Eating disorders all have different symptoms, but basically, they
each result from the fact that the individuals who suffer from them
have difficulty separating their emotions from their eating habits.
Indeed, they may even choose to use their eating habits to express
their emotions and to 'communicate' with those around them. The way and
the amount that they eat are seriously affected, and the long term
effects can be devastating and sometimes fatal.
In the United
States, the normal criteria for the diagnosis for eating disorders are
contained in the Diagnostic and Statistical Manual of Mental Disorders
published by the American Psychiatric Association. In Europe, slightly
different diagnostic criteria are uses.
DSM-IV recognises two
distinct eating disorders - anorexia nervosa (anorexia), bulimia
nervosa (bulimia). It has a further classification for "Eating
Disorders Not Otherwise Specified" into which falls binge eating
syndrome, a commonly diagnosed condition.
The diagnosis of Anorexia nervosa can be made if the patient fits the following criteria (Adapted from DSM-IV TR)):
- Refusal to keep body weight at or above that which is regarded as an acceptable minimum for age or height age and height:
- Weight
loss causing body weight of <85% of that expected or failure to gain
weight due to normal growth, resulting in body weight less than 85% of
that expected.
- Anxiety about being perceived as fat, even though under weight.
- Distorted perceptions of body image, or denial of the existence of illness or the seriousness of current low body weight.
- Amenorrhea (for at least three menstrual cycles) in girls and women.
Anorexia
nervosa has two sub-types, which can be present at different stages of
the illness in the same person. Firstly, the "restricting" type, in
which weight loss is achieved by severely restricting calorific intake
without resort to laxative use or self-induced vomiting, and then the
"Binge Eating-Purging" type, in which the sufferer may eat large
amounts of food then attempts to eliminate the consequences by abusing
laxatives.
Bulimia nervosa has the following diagnostic criteria (adapted from DSM-IVTR):
· Recurrent episodes of binge eating characterized by both:
- Eating, within a given period of time), an amount of
food that is significantly larger than most people would during a
similar period
- A feeling of inability over eating during the episode, identified by a belief that what is being eaten cannot be controlled.
· Frequent recurring inappropriate behaviour designed to prevent gaining weight
- Self-induced vomiting
- Abuse of enemas, laxatives or diuretics
- Fasting
- Excessive exercise
- The binge eating and inappropriate behavior both occur, on average, at least twice a week for 3 months.
- Self image and self esteem are dependent on perceptions of body shape and weight.
Bulimia, like anorexia falls into two sub types:
- Purging type: The person regularly self-induces and/or misuses of laxatives, enemas or diuretics.
- Nonpurging type: There is inappropriate compensatory behavior but no self-induced vomiting or medication misuse.
Binge
Eating Disorder is best described as episodes of binge eating which are
not characterised by the use of laxatives or self induced vomiting.
Patients are often obese.
Night Eating Syndrome is disorder
characterised by early morning lack of appetite, increased appetite in
the evening and eating during the night. Strangely, patients often have
total amnesia of their night eating episodes.
Other eating
disorders commonly found before puberty include food avoidance,
selective eating and pervasive food refusal syndrome.

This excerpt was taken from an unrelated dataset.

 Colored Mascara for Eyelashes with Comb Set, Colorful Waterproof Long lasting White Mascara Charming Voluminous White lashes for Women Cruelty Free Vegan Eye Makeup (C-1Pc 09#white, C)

These childhood
disorders are usually transient however.
Pica (the eating of
faeces) and rumination (regurgitating and re-chewing of food) are not
classified as eating disorders, although they are far from rare.
Eating
disorders are much more common in women - ratios of 10:1 Female to Male
have been suggested - and are also more prevalent in industrial
societies where there is an over-abundance of food. The commonly
accepted idea that a woman has to be slim to be attractive is also a
factor in the prevalence of eating disorder, particularly in Europe and
the US.
Eating disorders often co-exist with other psychological
disturbances. 50% to 70% of sufferers will typically also suffer from
depression, 25% -to 50% may have been (or are being) sexually abused,
and up to 25% will suffer from Obsessive compulsive disorder. Substance
abuse is also common.
Typically, eating disorder behaviour is
highly secretive, and accompanied by sever guilt feelings. Obsessive
thinking about food, hoarding food and even collecting recipes are
frequently observed behaviors.
Treatment for eating disorders is
complex, as any co-existing factors have to be taken into account.
Cognitive Behavioural Therapy (a fairly brief and highly interactive
therapy has proved useful, as has medication in the case of bulimia
nervosa. Anorexia nervosa has so far proved difficult to treat with
medication.
Family support is essential, and online self help or support groups have a large part to play in successful treatment.
Long
term outcomes are variable, with about 0ne third of sufferers making a
total recovery, one third retaining a low degree of eating disorder,
and the final one third maintaining chronic eating disorder problems.